### What you will do
The reply must consist of the complete listing, reproduced exactly, with no images included.

### Data extract
____

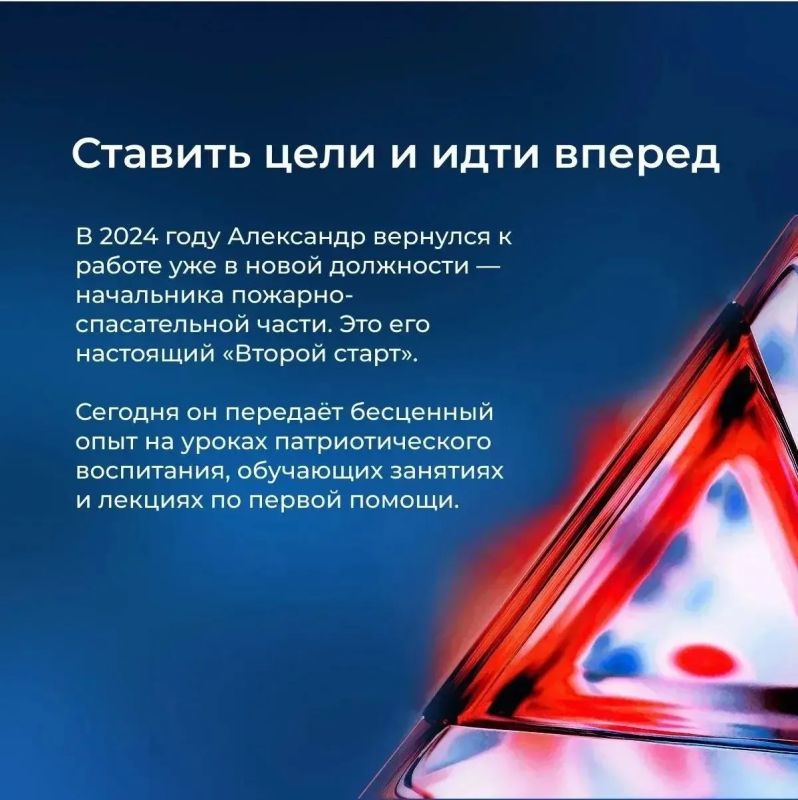 ПОДДЕРЖИМ ЯКУТИЮ: ГОЛОСУЕМ ЗА АЛЕКСАНДРА БОЧКАРЁВА! ПОДДЕРЖИМ ЯКУТИЮ: ГОЛОСУЕМ ЗА АЛЕКСАНДРА БОЧКАРЁВА!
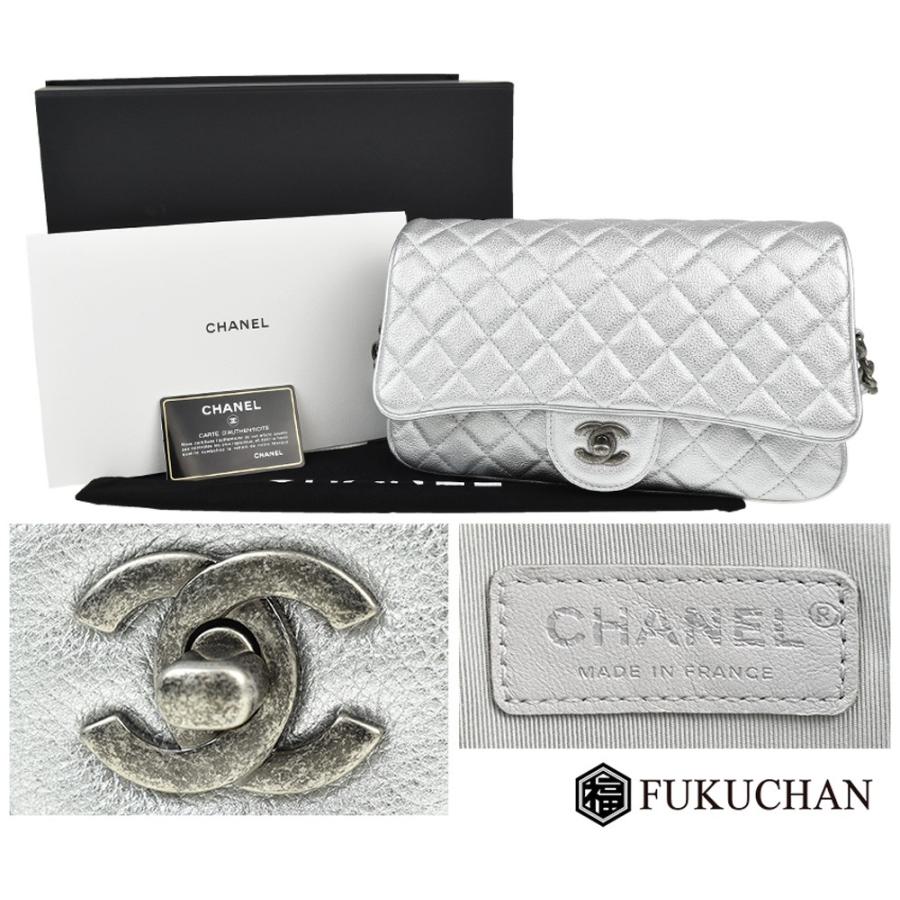 CHANEL/シャネル グレインド カーフスキン マトラッセ チェーン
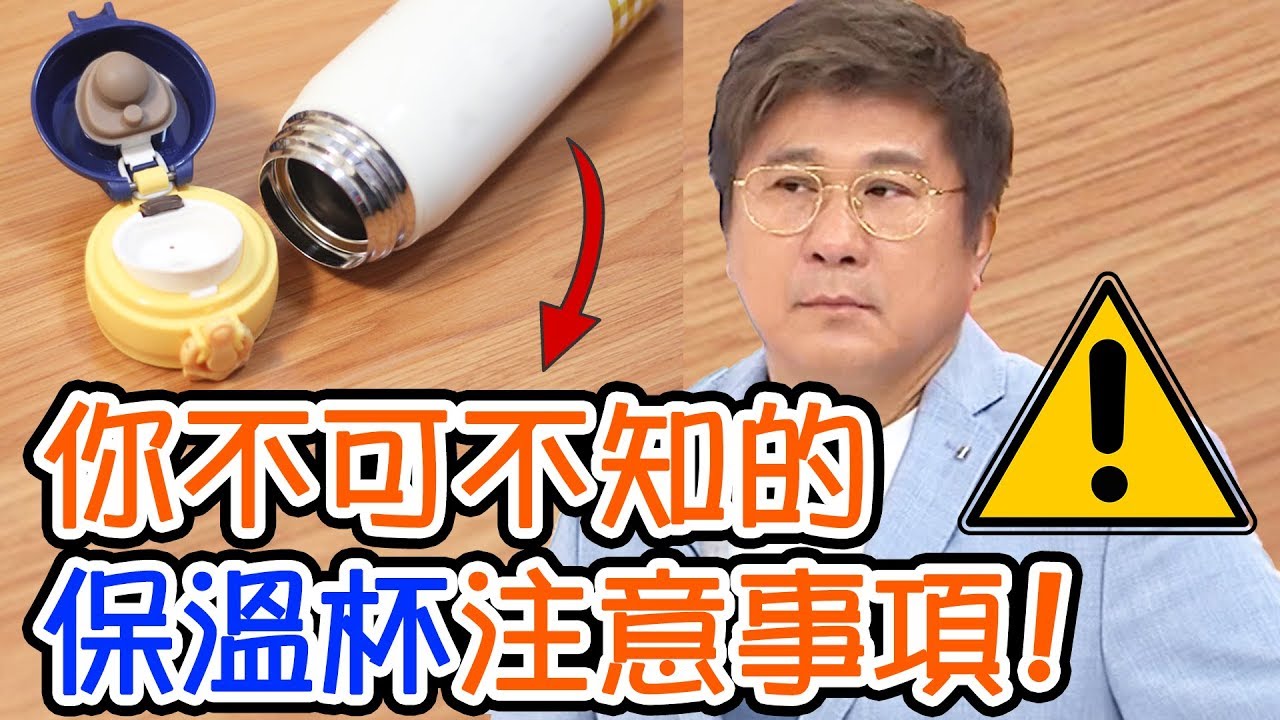 保溫杯不能裝什麼？材質怎麼挑選才安全？專家幫你一次解析！【醫師好辣】洪永祥 譚敦慈 必看精彩片段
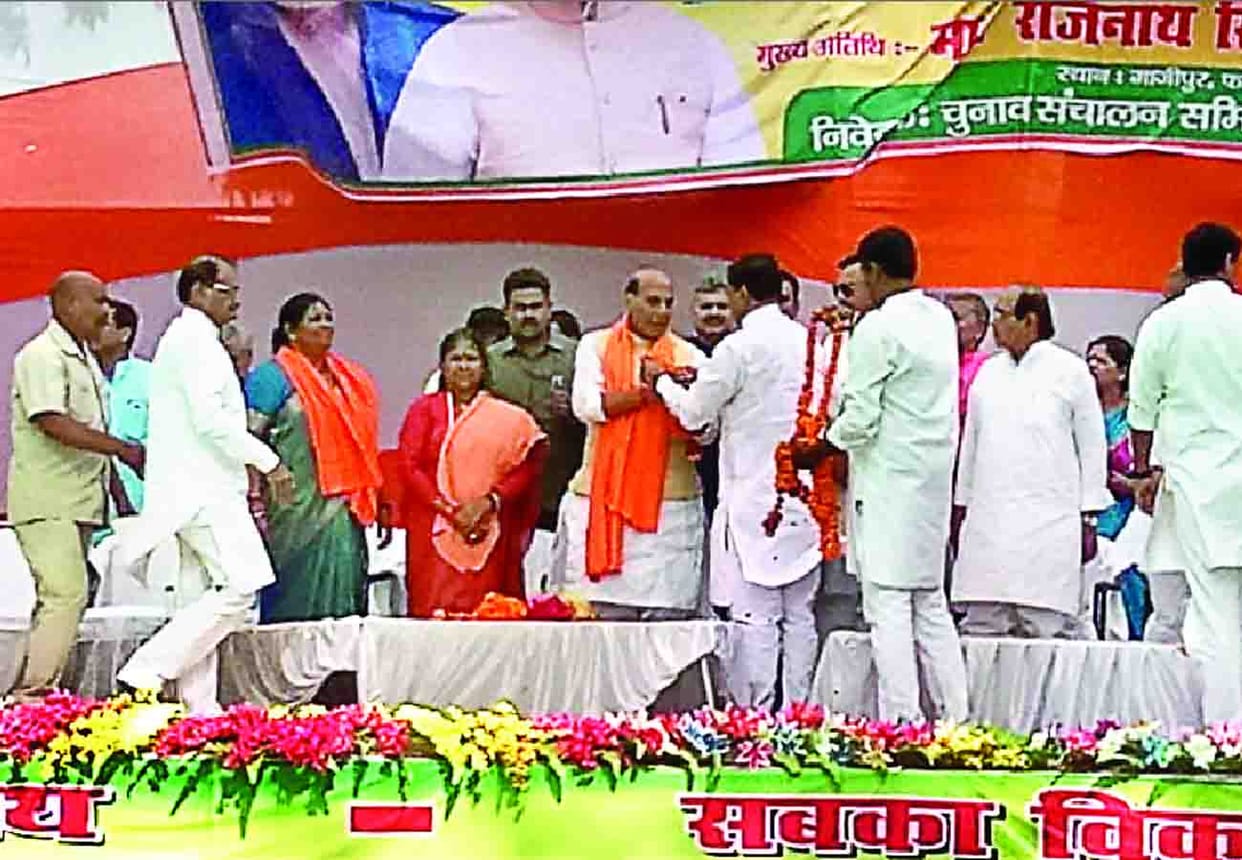 Rajnath Singh public meeting in fatehpur lok sabha election 2019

____

### Result
 ПОДДЕРЖИМ ЯКУТИЮ: ГОЛОСУЕМ ЗА АЛЕКСАНДРА БОЧКАРЁВА! ПОДДЕРЖИМ ЯКУТИЮ: ГОЛОСУЕМ ЗА АЛЕКСАНДРА БОЧКАРЁВА!
 CHANEL/シャネル グレインド カーフスキン マトラッセ チェーン
 保溫杯不能裝什麼？材質怎麼挑選才安全？專家幫你一次解析！【醫師好辣】洪永祥 譚敦慈 必看精彩片段
 Rajnath Singh public meeting in fatehpur lok sabha election 2019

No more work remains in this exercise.